Es importante tener en cuenta que a lo largo de su estancia en la
presidencia (2007-2015), tanto Cristina Fernández como antes, su finado
esposo, Néstor Kirchner (2003-2007), emprendieron políticas orientadas a
devolver la soberanía a una Argentina por entonces endeudada con
organismos financieros internacionales y acreedores privados, atender a
los sectores sociales más necesitados e impulsar la integración
latinoamericana, tarea esta última que encontró condiciones propicias
con los gobiernos progresistas que existían por entonces en otros países
sudamericanos, particularmente en Brasil, Bolivia, Ecuador, Uruguay,
Paraguay y Venezuela. Ello derivó en constantes confrontaciones con los
grupos empresariales que han dominado la economía argentina y con los
consorcios informativos y de telecomunicaciones de orientación
oligárquica –prácticamente todos– que realizaron una permanente labor de
zapa en contra del gobierno.
Por lo demás, desde antes que terminara su periodo, en diciembre de
2015, esos sectores lanzaron un alud de causas judiciales en contra de
la política peronista, una ofensiva que se incrementó tras su salida del
cargo, en diciembre de 2015 y que ahora alcanza un punto culminante con
el referido fallo de la Cámara Federal de Buenos Aires.
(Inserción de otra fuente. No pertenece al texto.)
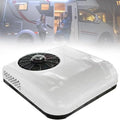 12V/24V Electric Car RV Air Conditioner, 2200W Cooling Capacity, Portable Camper AC, Parking Climate Control for Minivans, SUVs, Trucks & Construction Vehicles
Lo más grave del asunto es que la judicialización de políticos
progresistas se ha convertido en un fenómeno cada día más frecuente en
Sudamérica. La ex presidenta brasileña Dilma Rousseff fue depuesta del
cargo en agosto de 2016 en lo que puede considerarse un golpe de Estado
legislativo; su mentor y antecesor, Luiz Inácio Lula da Silva, se
encuentra preso desde abril pasado y sometido a un juicio por delitos
claramente inventados; en Ecuador, el ex presidente Rafael Correa está
sometido a una persecución judicial ordenada por su sucesor y antiguo
protegido, Lenín Moreno, quien abandonó la postura soberanista que el
gobierno ecuatoriano había venido sosteniendo desde 2007, reintrodujo el
neoliberalismo y se enfiló a los lineamientos internacionales dictados
por Washington.
El avance de las nuevas derechas en la región apunta, pues, a la
negación de la política y de la democracia para remplazarlos por
procesos penales amañados, con jueces y tribunales de consigna y en los
que la justicia y la verdad brillan por su ausencia.